Her lip did an honest-to-goodness quiver, and her mouth opened, but nothing came out. Instead, she slowly shook her head.
I held her gaze for a moment longer, waiting for a tell that she was lying to me. She didn’t look away, and her body language stayed open. She didn’t reach for her phone or elaborate. The simple head shake was it. And I believed her.
I dug a tissue out of my pocket and handed it to her. “I need you to walk me through what happened that day, especially how you ended up with Drew’s blood on your gloves.”
“I did what you told us and went out looking for the little girl, but…” Holly fingered the corner of her jeans’ cuff. She looked up at me. “Do I have to tell everything? It’s embarrassing.”
I ran my hands over my thighs. People misunderstood each other every day. Body language, for all it could tell about a person, was even harder to read accurately.
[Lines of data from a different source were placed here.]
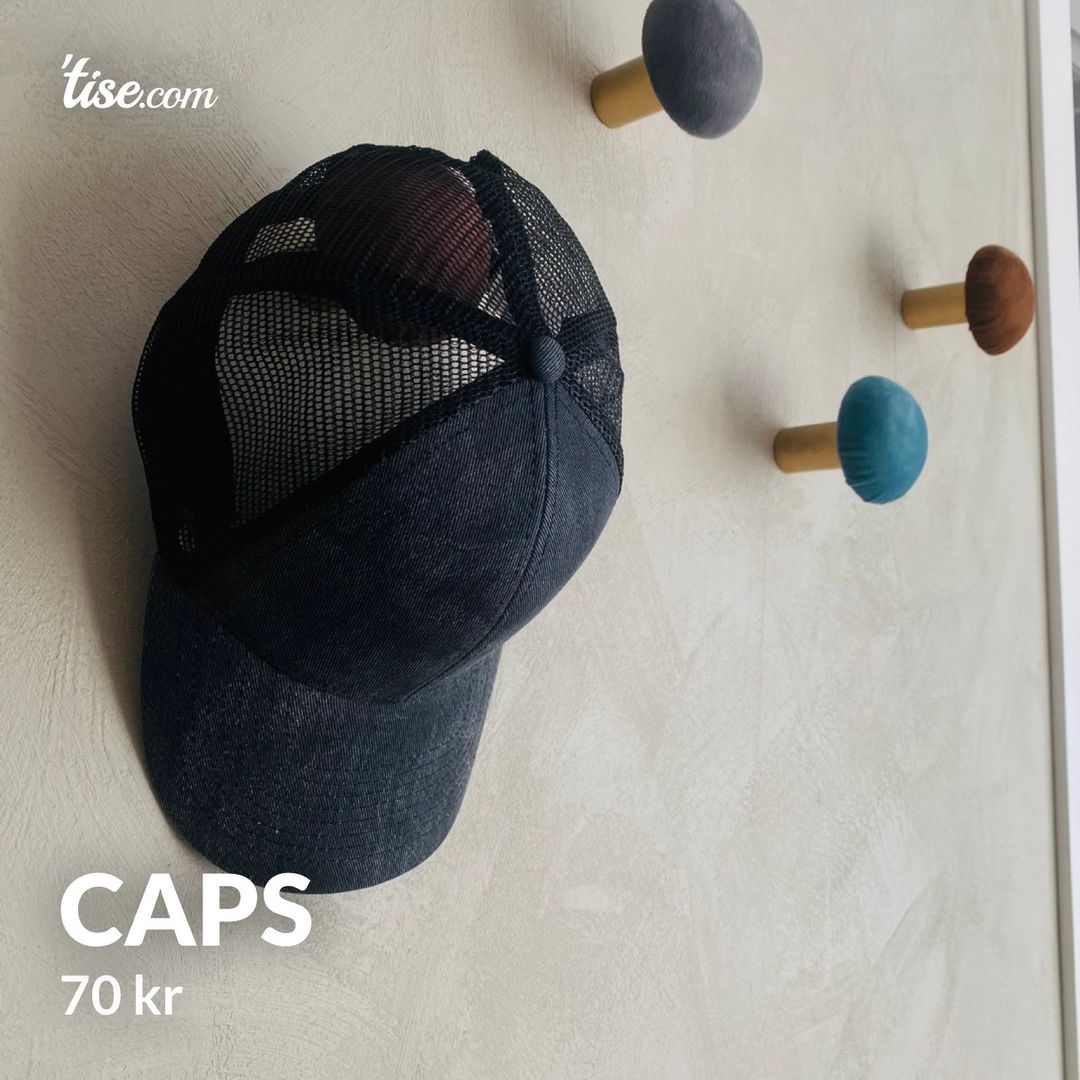 Caps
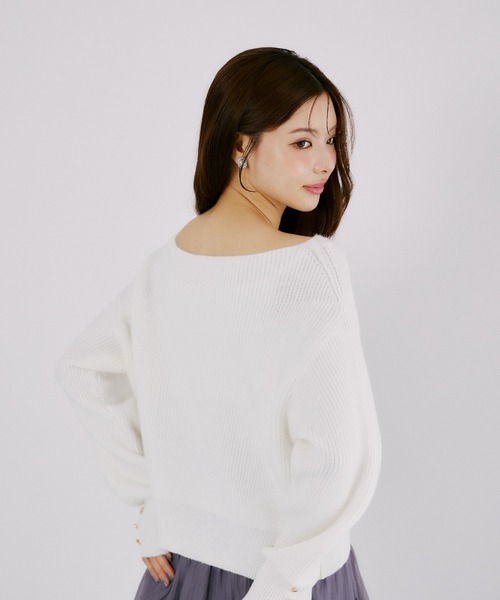 tocco closet(トッコ クローゼット)の「袖口ハート飾り釦セミオフショルラメ入りアンゴラタッチニットプルオーバー(ニット/セーター・レディース・オフホワイト/ブラウン/ピンク・M)」の11枚目の写真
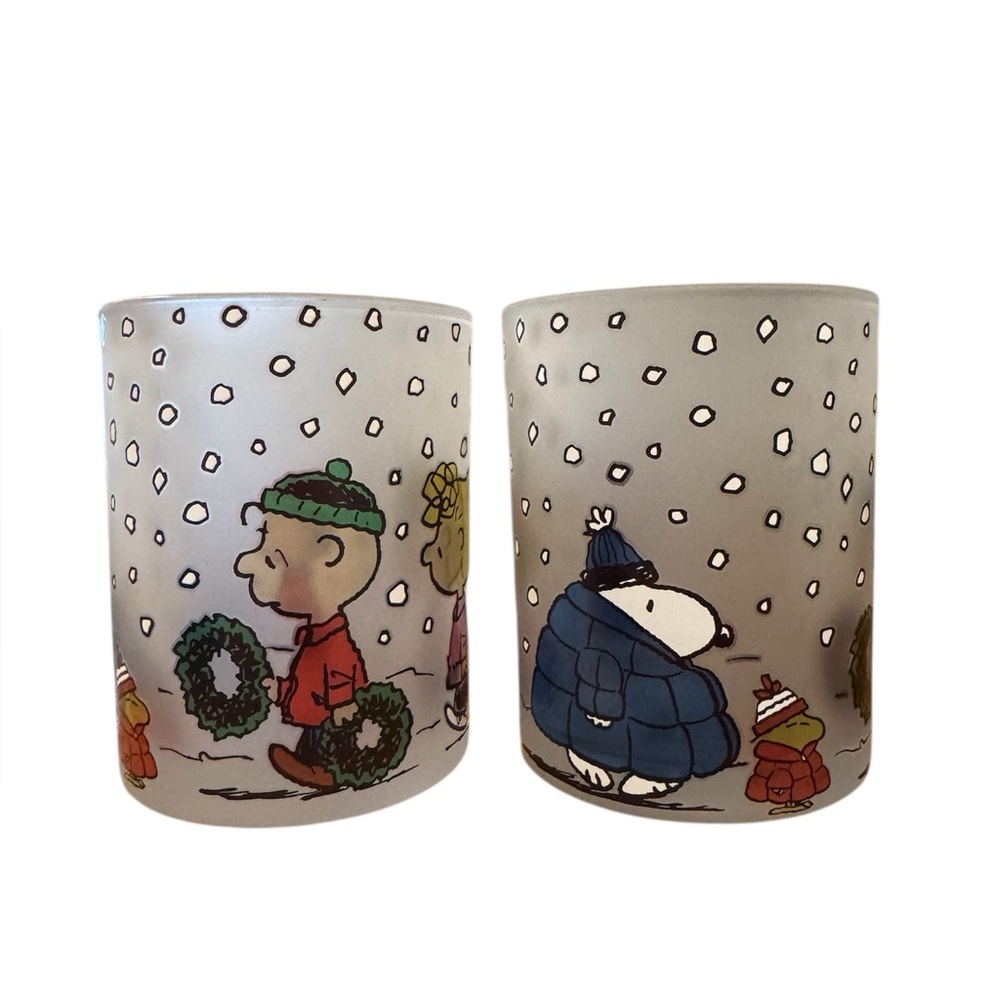 Gift Bundle of 2 Peanuts Snoopy Frosted Drinking Glasses Holiday Set New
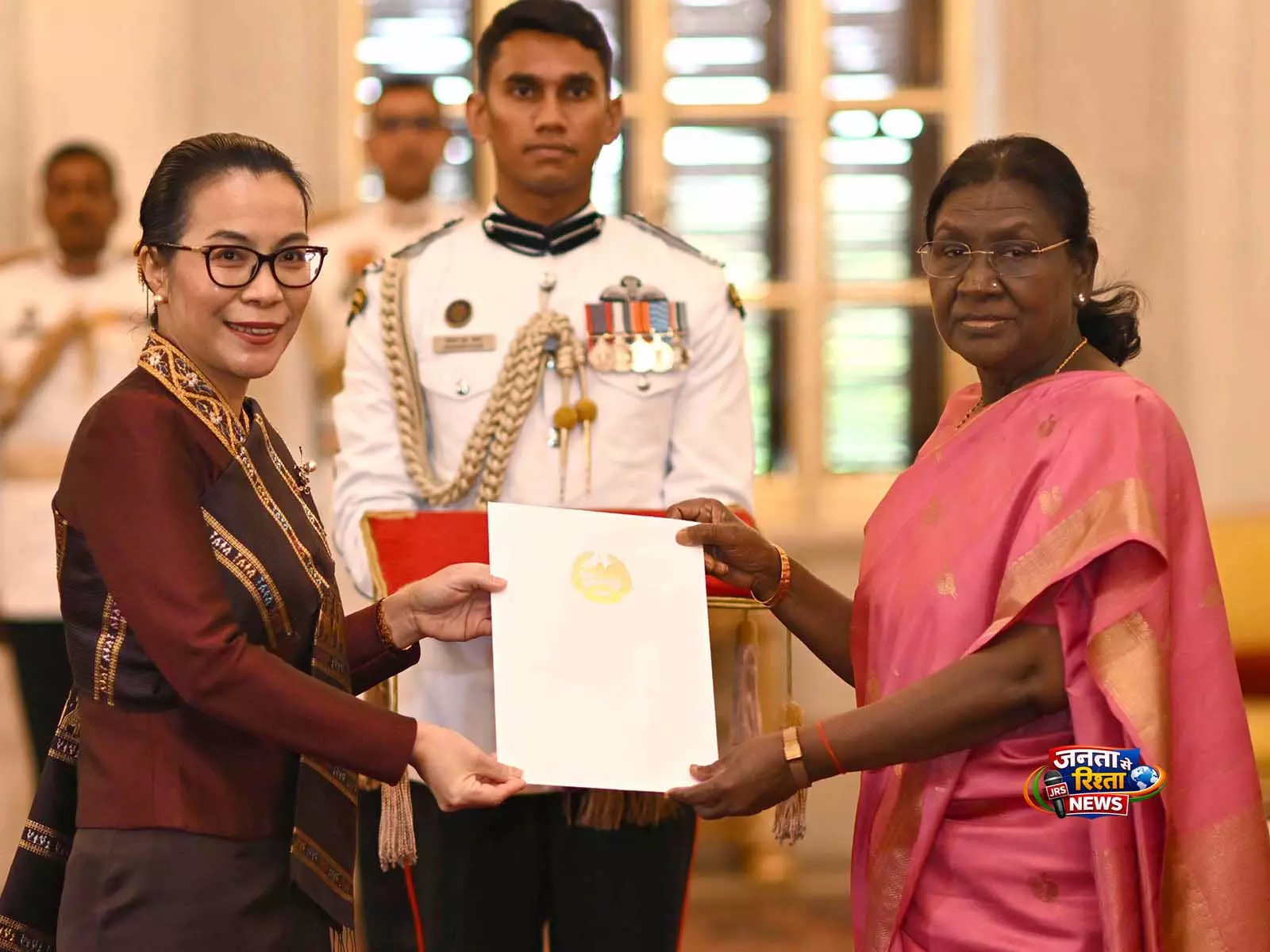 President द्रौपदी मुर्मू ने 4 देशों के दूतों के परिचय-पत्र स्वीकार किए President द्रौपदी मुर्मू ने 4 देशों के दूतों के परिचय-पत्र स्वीकार किए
Holly’s embarrassment was going to read as guilt to Chief McTavish. “You have to tell all of it, and try not to be embarrassed about it, okay? They’ve heard a lot worse than anything you’ll have to say.”
Holly bobbed her head. “I was afraid of getting lost and not being able to find my way back. I kept imagining everyone having to spread out to look for me. So I turned around early.”
The pink that spread up into her cheeks made her look like a china doll. If this had to go to trial, her looks should play to her advantage. I gave her a keep-going nod.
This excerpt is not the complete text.